The author of the majority opinion has drafted what would make an engrossing TED Talk or, possibly, an introductory lecture in Political Philosophy. But as an appellate court decision, it wholly fails to grapple with the relevant constitutional question in this appeal: whether a state’s constitutional prohibition of same-sex marriage violates equal protection under the Fourteenth Amendment. Instead, the majority sets up a false premise—that the question before us is “who should decide?”—and leads us through a largely irrelevant discourse on democracy and federalism. In point of fact, the real issue before us concerns what is at stake in these six cases for the individual plaintiffs and their children, and what should be done about it. Because I reject the majority’s resolution of these questions based on its invocation of vox populi and its reverence for “proceeding with caution” (otherwise known as the “wait and see” approach), I dissent.

So begins the dissenting opinion – over 20 pages long – in today’s stunning 6th Circuit Court of Appeals decision that finds states can ban same-sex marriage. The ruling sets off a constitutional challenge that most likely will go to the U.S. Supreme Court.

(The complete ruling is embedded above, thanks to Equality Case Files.)

Judge Martha Craig Daughtrey wrote the dissent.

Readers may remember the audio of Judge Daughtrey’s fiery questioning during the case.

“It doesn’t look like the sky has fallen,” Judge Daughtrey told the court, in the ten-plus years same-sex marriage has been on the books in Massachusetts. 

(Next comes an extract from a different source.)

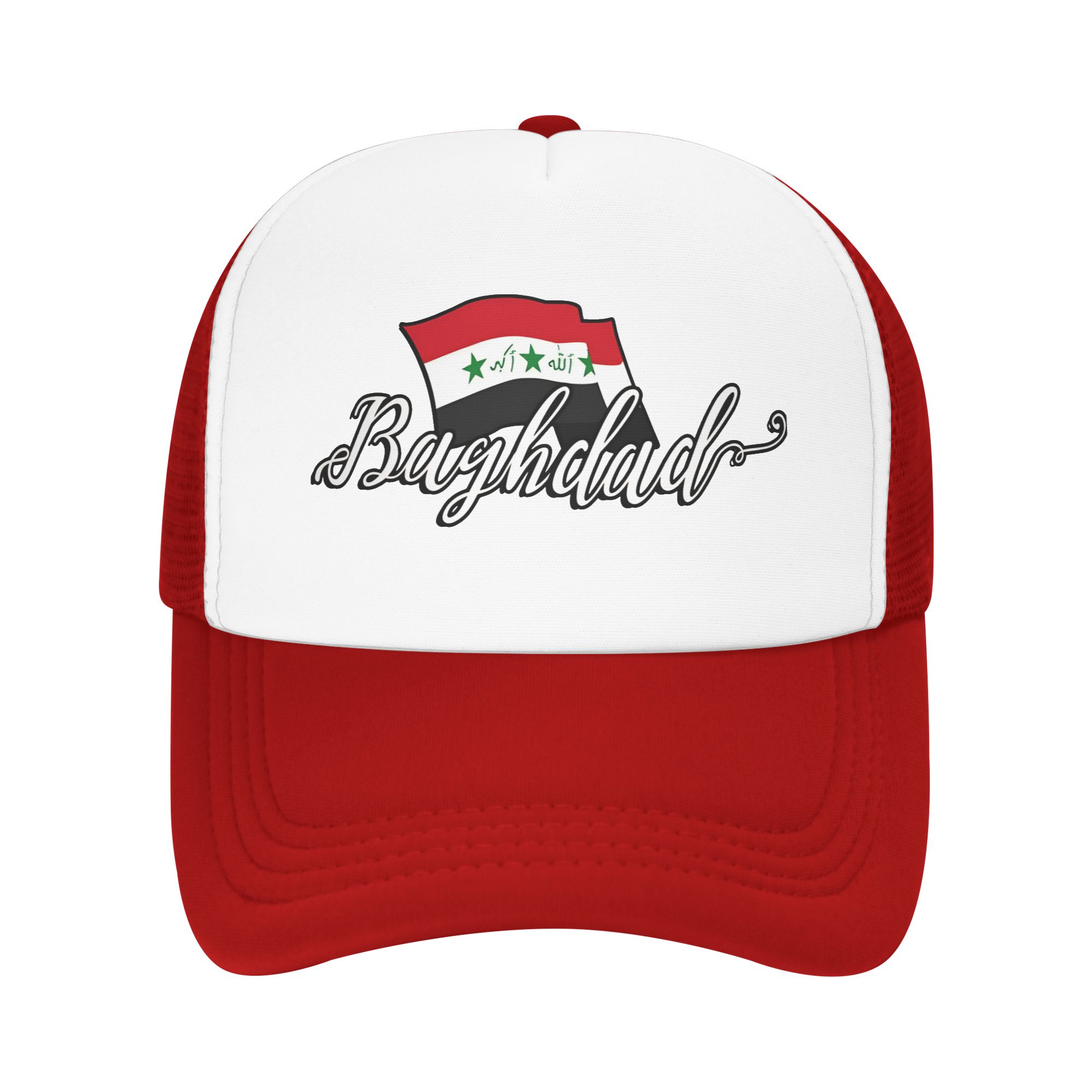 Summer Mesh Sun Hats Baghdad Iraq  Summer Baseball Cap Classic Trucker Hat  Unisex Unisex Print Outdoor Gym Adjustable Baseball Cap One Size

Daughtrey’s opinion continues:

In the main, the majority treats both the issues and the litigants here as mere abstractions. Instead of recognizing the plaintiffs as persons, suffering actual harm as a result of being denied the right to marry where they reside or the right to have their valid marriages recognized there, my colleagues view the plaintiffs as social activists who have somehow stumbled into federal court, inadvisably, when they should be out campaigning to win “the hearts and minds” of Michigan, Ohio, Kentucky, and Tennessee voters to their cause. But these plaintiffs are not political zealots trying to push reform on their fellow citizens; they are committed same-sex couples, many of them heading up de facto families, who want to achieve equal status— de jure status, if you will—with their married neighbors, friends, and coworkers, to be accepted as contributing members of their social and religious communities, and to be welcomed as fully legitimate parents at their children’s schools. They seek to do this by virtue of exercising a civil right that most of us take for granted—the right to marry.

Bam!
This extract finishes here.